Les seigneurs du box-office
Mais la relative neutralité formelle du film (dont même les quelques manifestations de grandiloquence copient les maniérismes standardisés dans le cinéma hollywoodien, tel le montage des scènes de bataille) reste un pis-aller : plus regardable et moins clinquant que ses prédécesseurs, Les Seigneurs de la guerre n’en montre pas moins, par son manque d’implication d’un vrai regard de cinéaste qui se substituerait à celui du producteur, les limites de ses enjeux. De l’intrigue à demi historique (trois hommes de tempéraments différents deviennent frères de sang et livrent bataille sur bataille : l’histoire s’achève sur un assassinat politique), Chan et sa cohorte de scénaristes — huit crédités ! — ne tirent que les enjeux dramatiques les plus conventionnels. Avec un plan-plan narratif digne de George Lucas, on déroule mécaniquement la piste archi-rebattue de l’amitié mise à l’épreuve de la gloire et du pouvoir qui corrompent. Les trois acteurs principaux, si charismatiques qu’ils soient, ont bien du mal à donner vie à leurs personnages archétypaux dessinés à gros traits et dont on ne voit que trop bien à quel point leurs caractéristiques basiques (il y a le militaire ambitieux, le bandit d’honneur et le jeune idéaliste) servent principalement à animer une mécanique scénaristique sans pour autant pouvoir donner chair au film. Quant à la romance obligatoire, on la remarque à peine et pourtant elle fait tache, faute d’un personnage féminin à qui on permette d’exister : tellement sous-écrit qu’il en est fantomatique, la mise en scène impersonnelle n’en fait qu’un vague incident sur la route des héros, incident que seul le scénario s’obstine à poser comme fondamental, ce qui destine la femme à finir en denrée à sacrifier froidement sur l’autel de la thématique désincarnée de l’amitié trahie.

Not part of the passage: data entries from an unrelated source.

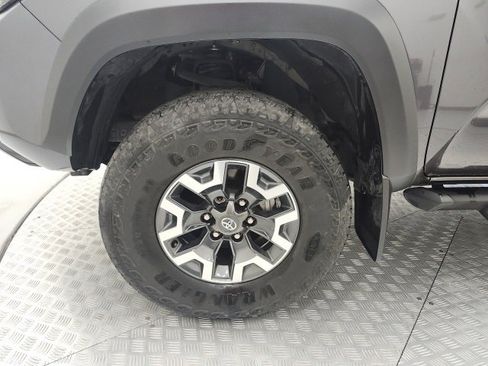 Used 2023 Toyota Tacoma TRD Off-Road image 9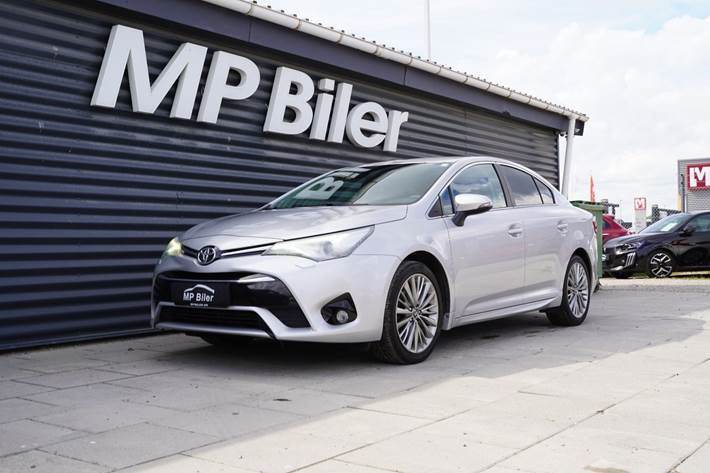 Sølv Toyota Avensis fra 2016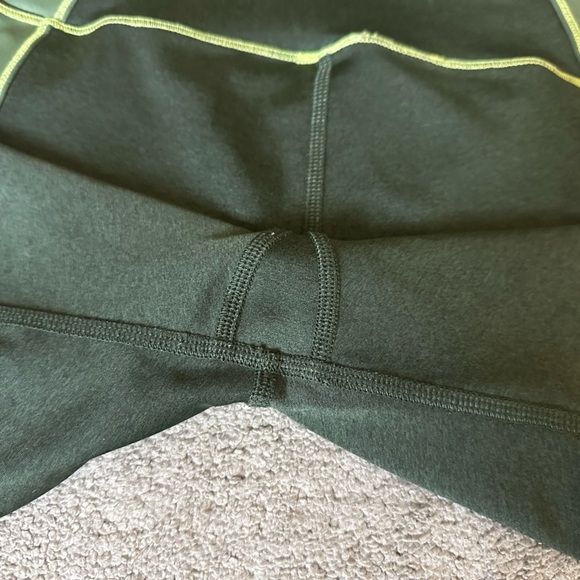 Good American The Dual Life Tonal Boy Shorts in Heathered Green Size 1 Small - Picture 9 of 11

Si on devait trouver un vrai motif d’intérêt dans le film de Chan, il s’appellerait Jet Li : pour le plaisir de le revoir enfin hors du carcan pénible dans lequel on le voyait encore récemment se débattre au sein de l’industrie hollywoodienne, et pour la curiosité de voir sa carrière se charger de plus en plus de rôles dramatiques sombres où il économise ses prouesses d’arts martiaux. Pour le reste, Les Seigneurs de la guerre, qui a fait un carton dans les box-offices asiatiques, est calibré pour apporter au wuxia pian de nouveaux aficionados, mais ni la vivacité ni l’esprit novateur qui le sous-tendaient naguère. De quoi attendre avec autant d’impatience que d’anxiété la sortie des Trois Royaumes, la récente offrande au genre par un certain John Woo de retour en Orient, dont on ose croire qu’il saura y apporter son propre souffle de vie cinématographique.